------ SUPPLIED MATERIAL ------

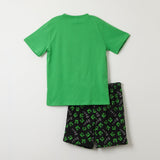 PIJAMA CC NINO ICONO MINECRAFT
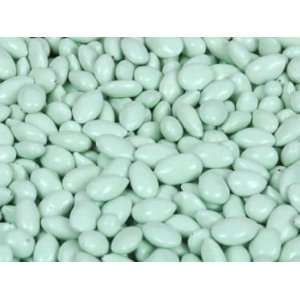 Sunflower Seeds Candy Coated Chocolate   Pastel Green, 5 lbs:  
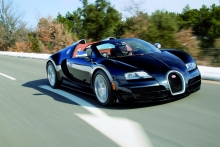 Bugatti Grand Sport.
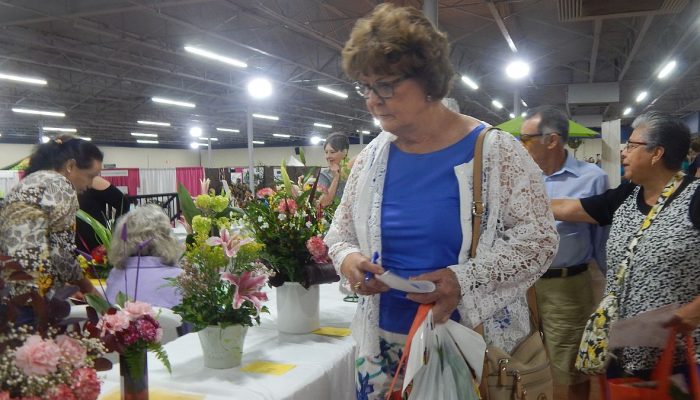 San Antonio Garden Center Floral Design School Sa Festival Of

------

**EXERCISE**
Write the listing above out again exactly, dropping each image.

**SOLVED PROBLEM**
 PIJAMA CC NINO ICONO MINECRAFT
 Sunflower Seeds Candy Coated Chocolate   Pastel Green, 5 lbs:  
 Bugatti Grand Sport.
 San Antonio Garden Center Floral Design School Sa Festival Of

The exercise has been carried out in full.